Vermont artist Kathryn Lipke Vigesaa has been drawing chuckles with her sculpture on display this summer in downtown Lenox, Mass.: “Melt/Water” brings the beach to the Berkshires in an installation of two Adirondack chairs and a deck facing a triptych of water scene photographs — all of it on a patch of green grass adjacent to the town library. A speaker underneath the deck plays sounds of the lapping ocean.

I have an idea for a companion work, placed in beach territory, perhaps next to the library in East Hampton: a steep set of rock stairs, set up in front of a triptych of mountain vistas, with a soundtrack of leaves rustling.

Leave it to art to make up for deficiencies in the natural landscape, or simply to liven the scene.

Outdoor sculpture abounds in the Berkshires, from Louise Bourgeois’s “Eyes,” in front of the Williams College Museum of Art, to the garden gates designed by contemporary artists on the grounds of the Norman Rockwell Museum, to the saxophone sculpture hanging from a tree at Chesterwood, the home of the Abraham Lincoln memorial sculptor Daniel Chester French.

Sculpture has also found its way on stage.
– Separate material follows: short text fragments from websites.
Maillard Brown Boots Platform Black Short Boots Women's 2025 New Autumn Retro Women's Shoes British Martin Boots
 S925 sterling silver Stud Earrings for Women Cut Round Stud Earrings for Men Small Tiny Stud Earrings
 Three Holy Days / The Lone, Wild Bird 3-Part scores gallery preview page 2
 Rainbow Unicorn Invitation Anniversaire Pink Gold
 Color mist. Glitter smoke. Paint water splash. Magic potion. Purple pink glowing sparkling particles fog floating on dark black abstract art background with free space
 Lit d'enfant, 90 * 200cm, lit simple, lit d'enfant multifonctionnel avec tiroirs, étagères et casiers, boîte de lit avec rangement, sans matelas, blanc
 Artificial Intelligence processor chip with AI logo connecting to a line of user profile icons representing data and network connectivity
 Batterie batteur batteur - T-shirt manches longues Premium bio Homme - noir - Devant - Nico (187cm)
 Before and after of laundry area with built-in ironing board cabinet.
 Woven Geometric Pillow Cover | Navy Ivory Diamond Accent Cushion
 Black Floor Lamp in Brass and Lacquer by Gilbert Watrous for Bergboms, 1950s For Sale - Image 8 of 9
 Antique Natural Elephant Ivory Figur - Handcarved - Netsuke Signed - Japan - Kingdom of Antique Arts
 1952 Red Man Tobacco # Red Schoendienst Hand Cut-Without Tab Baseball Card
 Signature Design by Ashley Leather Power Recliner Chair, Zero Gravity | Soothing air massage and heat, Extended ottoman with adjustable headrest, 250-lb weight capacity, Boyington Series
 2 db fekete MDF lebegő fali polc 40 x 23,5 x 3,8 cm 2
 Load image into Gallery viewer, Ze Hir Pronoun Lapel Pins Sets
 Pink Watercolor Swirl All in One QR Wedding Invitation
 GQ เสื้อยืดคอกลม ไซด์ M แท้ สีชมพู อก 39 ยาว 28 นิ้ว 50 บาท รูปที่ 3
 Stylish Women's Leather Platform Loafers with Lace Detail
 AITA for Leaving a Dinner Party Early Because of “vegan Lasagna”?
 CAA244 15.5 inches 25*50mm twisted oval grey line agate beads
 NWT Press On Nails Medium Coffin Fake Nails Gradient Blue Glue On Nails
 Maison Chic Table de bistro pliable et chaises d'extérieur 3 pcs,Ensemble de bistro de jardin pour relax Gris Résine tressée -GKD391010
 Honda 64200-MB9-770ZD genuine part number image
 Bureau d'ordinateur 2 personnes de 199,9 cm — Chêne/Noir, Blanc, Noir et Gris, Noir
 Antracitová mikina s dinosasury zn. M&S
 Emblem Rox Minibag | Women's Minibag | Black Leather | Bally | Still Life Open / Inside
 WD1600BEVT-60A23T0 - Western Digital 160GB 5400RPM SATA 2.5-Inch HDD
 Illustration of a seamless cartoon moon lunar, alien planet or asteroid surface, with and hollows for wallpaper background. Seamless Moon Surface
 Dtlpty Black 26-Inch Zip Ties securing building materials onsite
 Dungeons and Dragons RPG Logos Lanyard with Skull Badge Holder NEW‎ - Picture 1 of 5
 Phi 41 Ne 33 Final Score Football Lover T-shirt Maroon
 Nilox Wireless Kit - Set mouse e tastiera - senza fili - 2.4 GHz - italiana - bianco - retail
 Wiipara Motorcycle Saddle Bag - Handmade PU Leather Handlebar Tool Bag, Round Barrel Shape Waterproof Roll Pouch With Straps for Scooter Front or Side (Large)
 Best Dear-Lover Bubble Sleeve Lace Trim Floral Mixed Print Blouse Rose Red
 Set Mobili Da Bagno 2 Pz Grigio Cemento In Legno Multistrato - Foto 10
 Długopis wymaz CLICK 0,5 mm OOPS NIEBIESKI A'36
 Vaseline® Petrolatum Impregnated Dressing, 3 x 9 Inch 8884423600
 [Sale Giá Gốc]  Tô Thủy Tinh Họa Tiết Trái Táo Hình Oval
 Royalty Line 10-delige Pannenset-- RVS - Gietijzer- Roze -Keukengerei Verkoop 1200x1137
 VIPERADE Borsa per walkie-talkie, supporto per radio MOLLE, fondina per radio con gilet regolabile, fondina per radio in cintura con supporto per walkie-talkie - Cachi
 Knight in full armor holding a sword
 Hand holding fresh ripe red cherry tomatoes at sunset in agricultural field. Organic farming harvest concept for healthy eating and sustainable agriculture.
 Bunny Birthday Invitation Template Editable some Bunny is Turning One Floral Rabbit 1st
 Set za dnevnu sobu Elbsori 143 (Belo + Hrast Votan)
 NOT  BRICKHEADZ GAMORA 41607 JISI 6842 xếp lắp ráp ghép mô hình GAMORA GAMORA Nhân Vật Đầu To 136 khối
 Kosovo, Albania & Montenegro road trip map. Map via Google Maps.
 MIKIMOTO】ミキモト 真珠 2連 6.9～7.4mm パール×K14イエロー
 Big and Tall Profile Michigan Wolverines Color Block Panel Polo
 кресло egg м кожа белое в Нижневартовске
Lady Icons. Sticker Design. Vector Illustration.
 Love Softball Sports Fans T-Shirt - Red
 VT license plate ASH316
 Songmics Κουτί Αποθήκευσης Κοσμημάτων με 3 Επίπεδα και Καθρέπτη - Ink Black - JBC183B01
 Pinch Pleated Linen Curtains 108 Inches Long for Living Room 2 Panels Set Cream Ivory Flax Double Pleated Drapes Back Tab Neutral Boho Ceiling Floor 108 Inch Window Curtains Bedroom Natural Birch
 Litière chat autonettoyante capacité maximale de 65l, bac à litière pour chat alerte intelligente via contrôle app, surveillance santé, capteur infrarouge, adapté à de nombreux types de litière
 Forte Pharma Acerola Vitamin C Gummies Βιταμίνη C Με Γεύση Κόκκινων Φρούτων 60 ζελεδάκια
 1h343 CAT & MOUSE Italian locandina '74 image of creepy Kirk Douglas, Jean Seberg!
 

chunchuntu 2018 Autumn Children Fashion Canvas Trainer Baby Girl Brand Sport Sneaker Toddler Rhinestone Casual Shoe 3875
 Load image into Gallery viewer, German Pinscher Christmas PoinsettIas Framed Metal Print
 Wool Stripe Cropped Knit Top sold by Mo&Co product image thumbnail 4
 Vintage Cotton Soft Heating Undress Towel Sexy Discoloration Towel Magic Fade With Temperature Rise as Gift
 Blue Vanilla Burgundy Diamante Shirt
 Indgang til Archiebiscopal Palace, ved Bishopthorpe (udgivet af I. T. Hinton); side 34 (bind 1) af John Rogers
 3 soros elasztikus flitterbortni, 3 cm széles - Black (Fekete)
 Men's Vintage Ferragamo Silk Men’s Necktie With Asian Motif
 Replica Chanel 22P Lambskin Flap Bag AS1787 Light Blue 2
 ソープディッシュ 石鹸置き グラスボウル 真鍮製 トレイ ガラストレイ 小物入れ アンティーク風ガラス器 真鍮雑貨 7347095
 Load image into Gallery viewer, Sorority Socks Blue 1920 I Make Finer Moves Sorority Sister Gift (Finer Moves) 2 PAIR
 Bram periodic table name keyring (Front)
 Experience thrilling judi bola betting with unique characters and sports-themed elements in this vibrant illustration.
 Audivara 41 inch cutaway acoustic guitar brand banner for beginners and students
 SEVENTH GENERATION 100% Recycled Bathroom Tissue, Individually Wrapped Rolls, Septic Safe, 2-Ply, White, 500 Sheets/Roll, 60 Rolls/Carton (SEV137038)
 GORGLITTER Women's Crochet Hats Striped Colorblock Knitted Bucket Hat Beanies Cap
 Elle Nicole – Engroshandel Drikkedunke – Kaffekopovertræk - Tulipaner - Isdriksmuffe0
In “Broke-ology,” Nathan Louis Jackson’s wrenching play at the Williamstown Theatre Festival, actor Wendell Pierce befriends a garden gnome sculpture, placed in his living room by his sons, with moving and comic results. Properties artisan Joshua Hackett spent two weeks making the gnome, and it was worth the labor.

At Jacob’s Pillow, audience members puzzled over the Martin Puryear work in a Garth Fagan piece: Was it a chord and electric socket, or a spatula? Neither, Mr. Fagan said; it’s a garden hoe. (Mr. Puryear, by the way, was honored on Saturday at the sculpture paradise in the Hamptons at LongHouse Reserve.)

There was little room for interpretation of the Trojan horse that appeared at Tanglewood’s gala; it was 10 feet high and made of wood and white shingles, with a mane and tail of ferns. Boston artist Jane Miller and the creative director of Louis Boston, Matthew Keller, designed the horse, cleverly blending Grecian and New England styles as a nod to the work performed that night, Berlioz’s “Les Troyens.” (The menu was also a blend, featuring grilled Maine lobster and baklava.)

In a region of art and nature, one sculpture dominates, and it is nature’s own: the tree. A grove of trees was the backdrop for the gala in support of Aston Magna, a baroque music festival founded by Lee Elman.

Trees are hard to take home, but Ms. Vigesaa’s work is for sale for $12,500.